Refer to my parallel post: that A^0 is not quantized as dynamical degree
of freedom does not mean that wouldn't be quantum mechanical. Its
quantum mechanical description is provided by the quantization of the
charge-carrying matter field.

> The whole motivation for trying to quantize gravity would be gone if
> we could just say spacetime is classical but everything else is
> quantum.

The reason why it is considered necessary to quantize gravity is that,
similar to the electromagnetic field, there are components of the
gravitational field that are dynamical degrees of freedom. And, again
similar to the electromagnetic field, not all components are dynamical
degrees of freedom: in GR, the gravitational field can be expressed by
the metric tensor g_{mu,nu} that can be written as 4x4 matrix with 16
components, where 10 components are independent from each other.
However, only the spatial components h_ij = g_ij, i,j=1,2,3, are
dynamical degrees of freedom, the temporal component g_00 and the mixed
spatial-temporal components g_0i and g_i0 are not, those are, analog to
A^0 in Electrodynamics, fully determined by the energy-momentum tensor
T_{mu,nu}.

And analog to the two approaches described earlier to quantize
Electrodynamics, there are to approaches to quantize gravity: the
canonical one, where only the spatial components h_ij (a 3x3 matrix with
9 components where 6 are independent from each other) are quantized, and
the covariant one, where the full metric tensor g_{mu,nu} is quantized.
Results of the canonical approach are Quantum Cosmology (Wheeler-deWitt
equation) and Loop Quantum Gravity, a result of the covariant approach
is Superstring Theory.

[Roland Franzius]

[[Mod. note -- I apologise for the long delay in processing this article,
which was originally submitted on Thursday 13 Aug 2015.
-- jt]]

This is of course plainly wrong. There are no solutions of classical
Maxwell equations dF=0, d*F=0 in all of empty Minkowski space without
field singularities, given the condition of finite square integrable
|F|^2 and subject to the special smoothness condition along a Cauchy
surface as starting values for an equation of hyperbolic type over the
future of that surface in Minkowski space.
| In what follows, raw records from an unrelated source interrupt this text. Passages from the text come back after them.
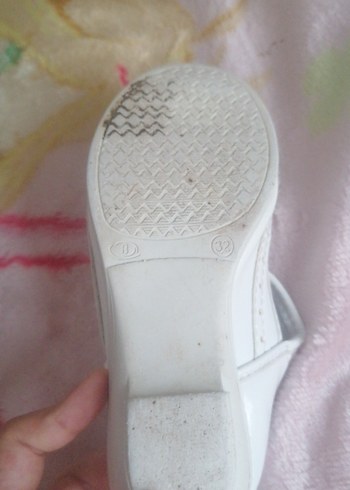 Beyaz Kız Çocuk Babet Ayakkabı Velcro - Görsel 4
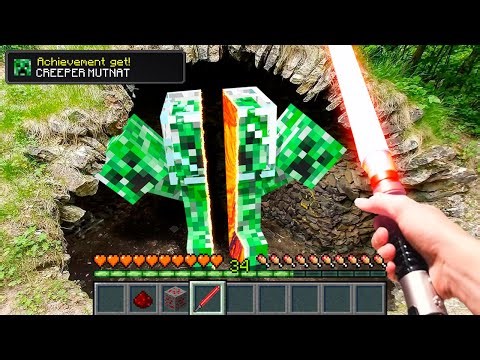 Minecraft in Real Life POV ~ GIANT CREEPER MUTANT BOSS / Realistic Minecraft Real POV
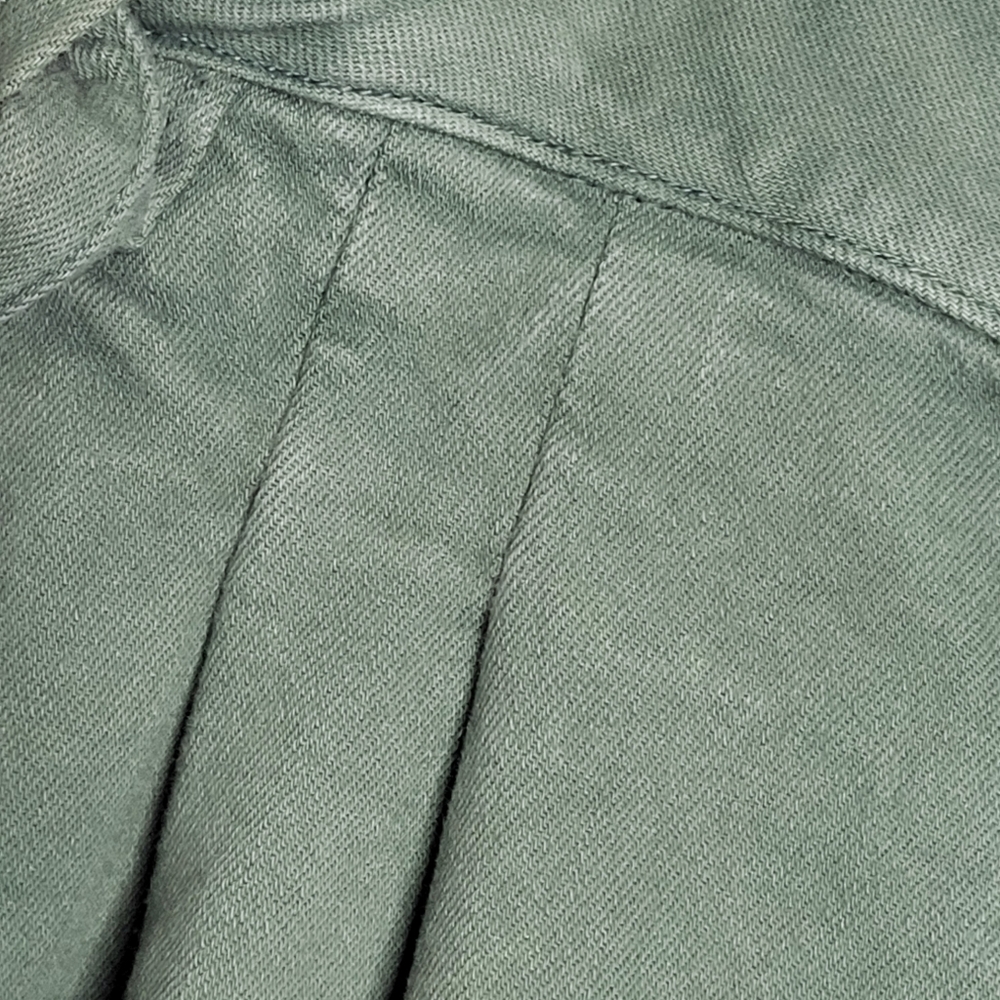 Sézane Paris Austin Cargo Green Paperbag Cut High Waisted Pant EU 44 / US 12 - Picture 12 of 16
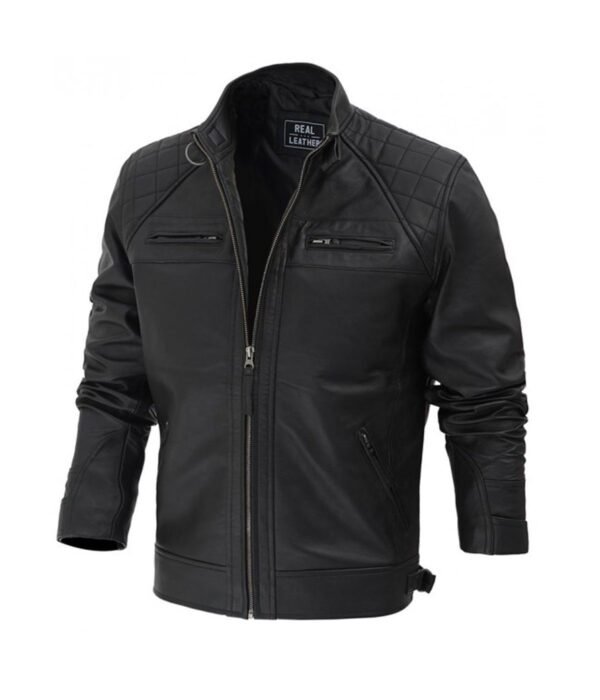 Johnson-Diamond-Classic-Black-Cafe-Racer-Biker-Jacke1
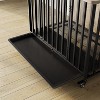 39'' Wooden Dog Crate Furniture with Wheels & Removable Tray - Decorative Pet Kennel for Small to Large Breeds - 4 of 4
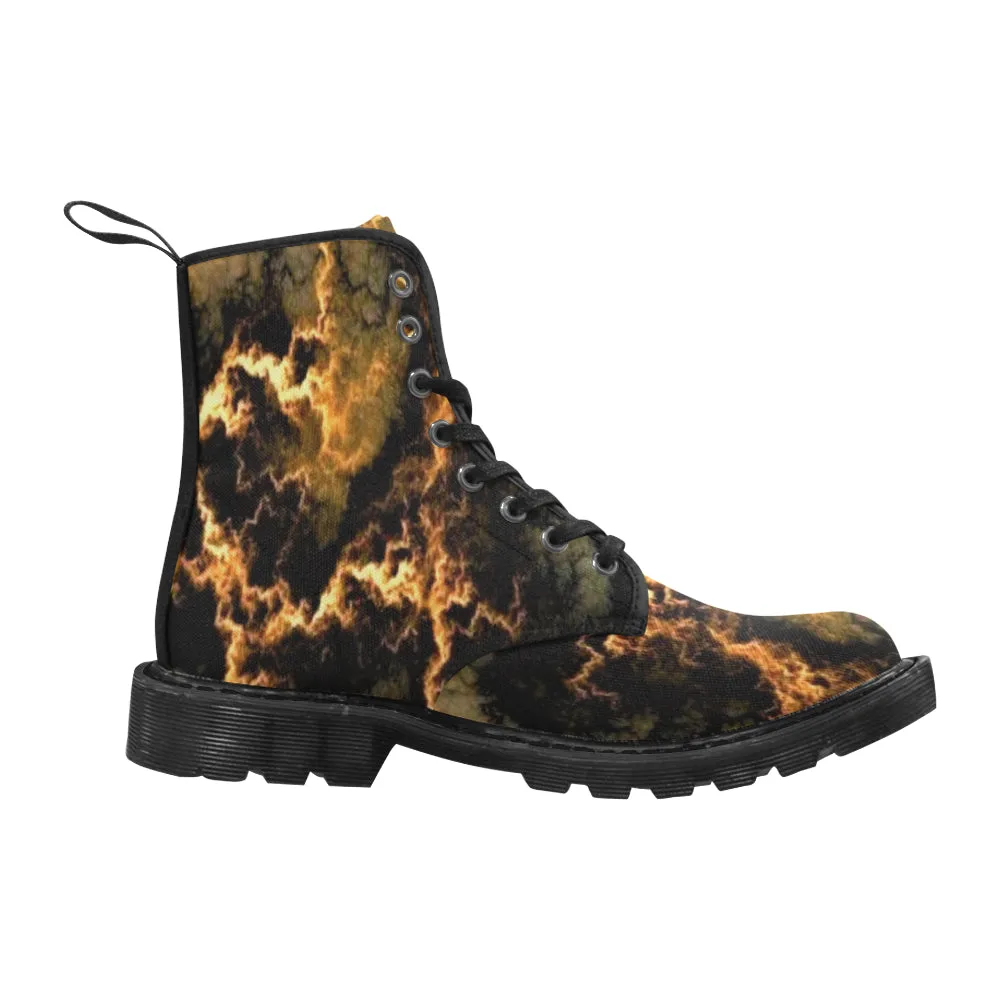 Blazing Sky Canvas Boots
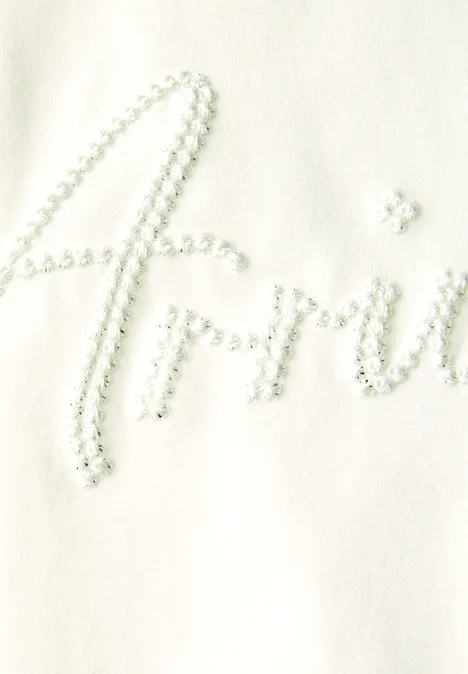 T-shirt avec broderie wording off white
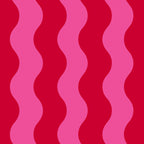  Red and Pink Candy Striped Waves Coffee Mug Gallery Image 2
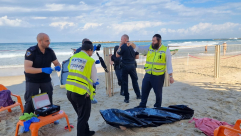  مصرع مسنّة غرقاً على شاطئ البحر شمال يافا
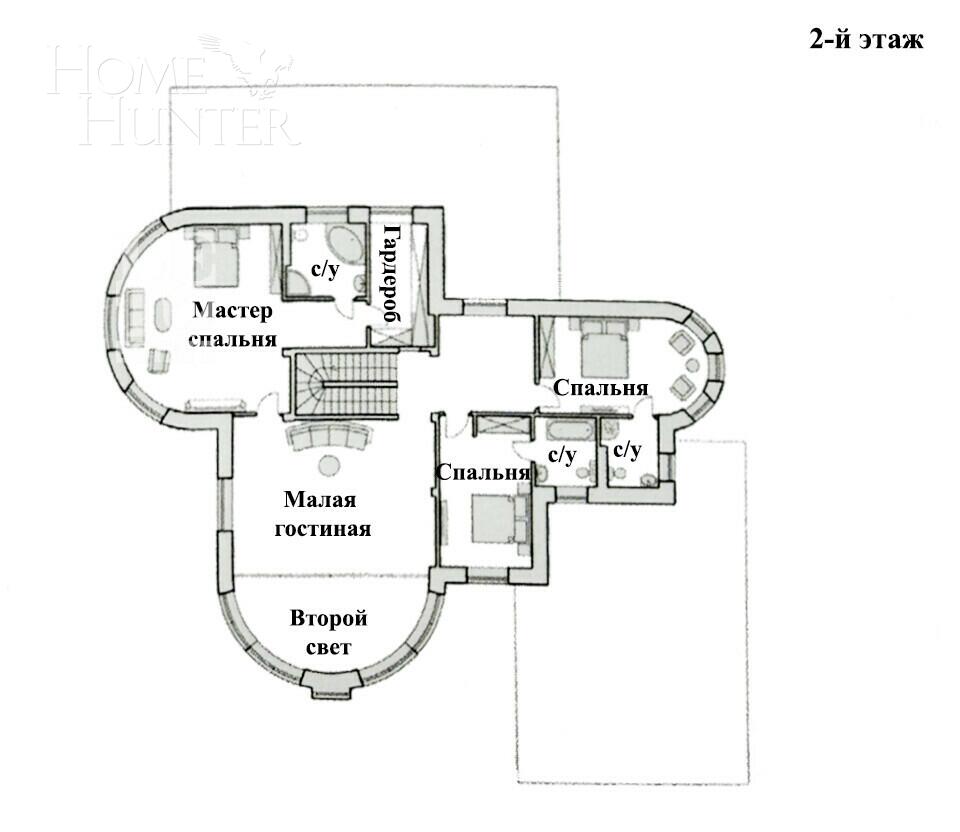 1-этажный коттедж 740 м² без отделки
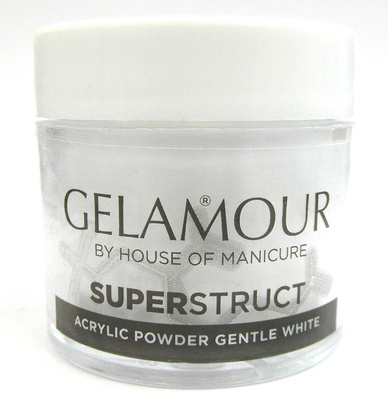 Gelamour Superstruct Acryl powder Gentle White /Soft White 25 gr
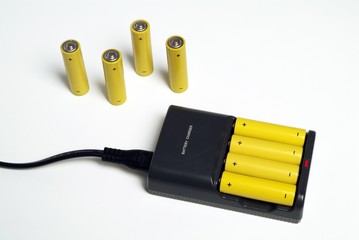 charger and rechargeable-batteries 1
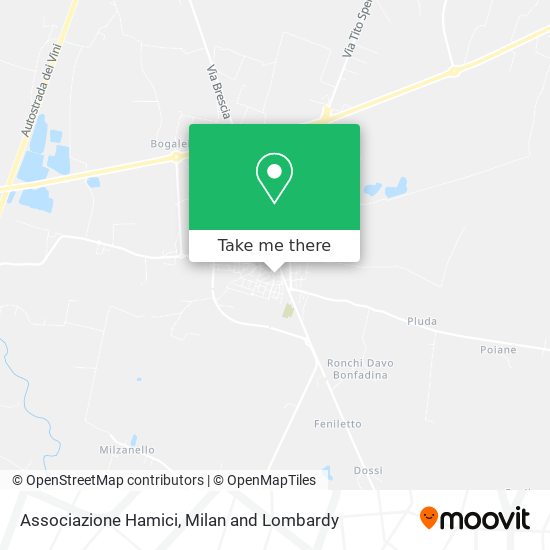 Associazione Hamici map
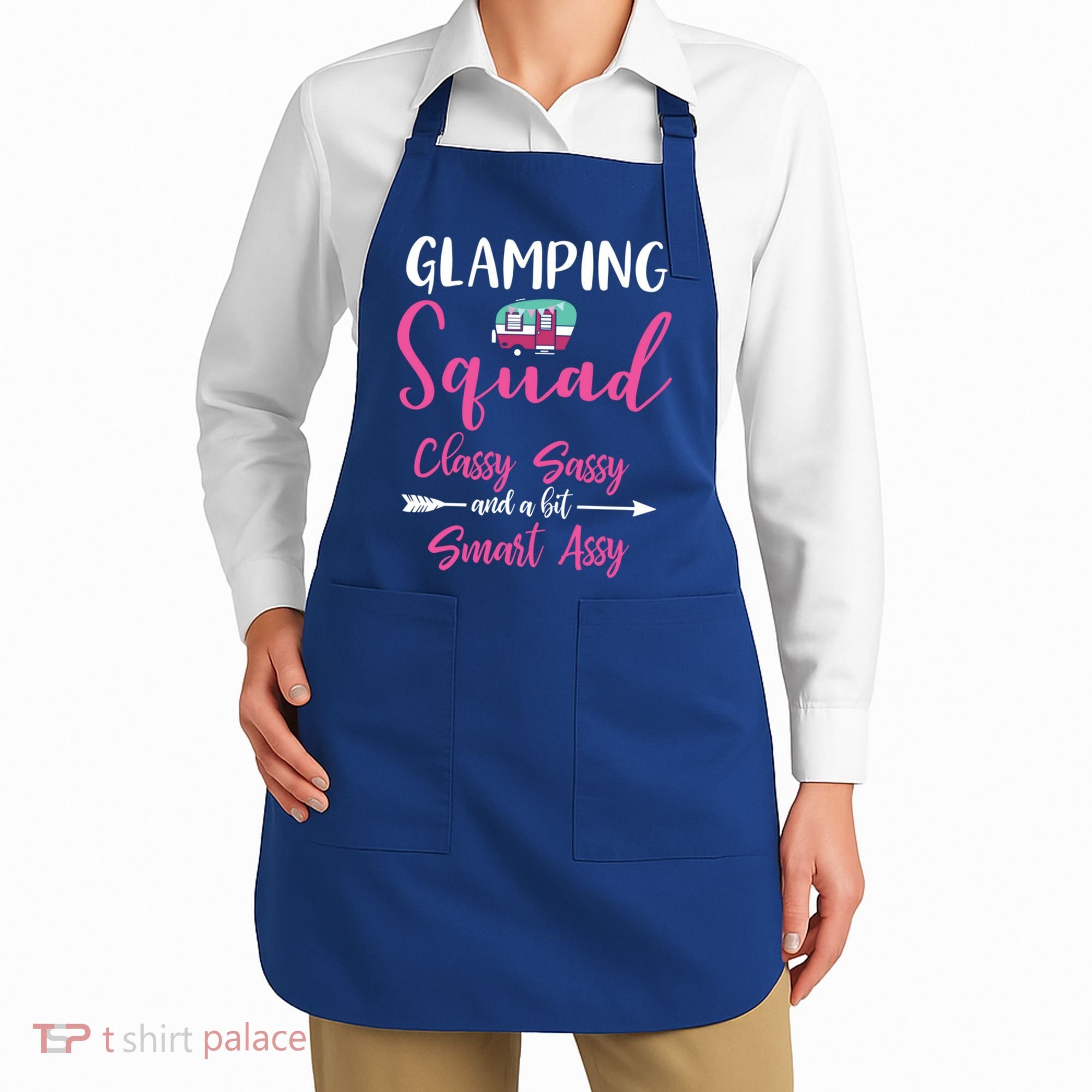 Glamping Squad Funny Matching Family Camping Trip Gift Apron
The permanent confusion about Fourier decompositon and plane wave and
other types of generalized solutions in the dual field space is
notorious for undergraduate courses in electrodynamics and late on
develops into a severe obstacle to understand quantization of the
electromagnetic field.

--

Roland Franzius

[iuval]

[[Mod. note -- I apologise for the delay in processing this article,
which was originally submitted on Saturday 15 August 2015.
-- jt]]

On Thursday, August 6, 2015 at 12:06:39 AM UTC-7, Gregor Scholten wrote:
> Jos Bergervoet wrote:
>
>

> In other words: you decompose the electromagnetic field into an
> electrostatic Coulomb part and a radiation part. And you implement this
> in the four-potential
>
> A^mu = (A^0, \vec A)
>
> by using Coulomb gauge so that the scalar potential A^0 describes the
> electrostatic part only and the vector potential \vec A describes the
> radiation part only. And since the scalar potential is fully determined
> by the charge density in this gauge, you only need to quantize the
> vector potential, what is equivalent to quantize the free radiation
> field only. In this approach, the answer to iuval's original question
> what the quantum state is of which the electrostatic field is an
> expectation value is: the electrostatic field isn't an expectation value
> of a quantum state, at least not of a quantum state of the field (but
> maybe of the quantum state of the charge-carrying particle).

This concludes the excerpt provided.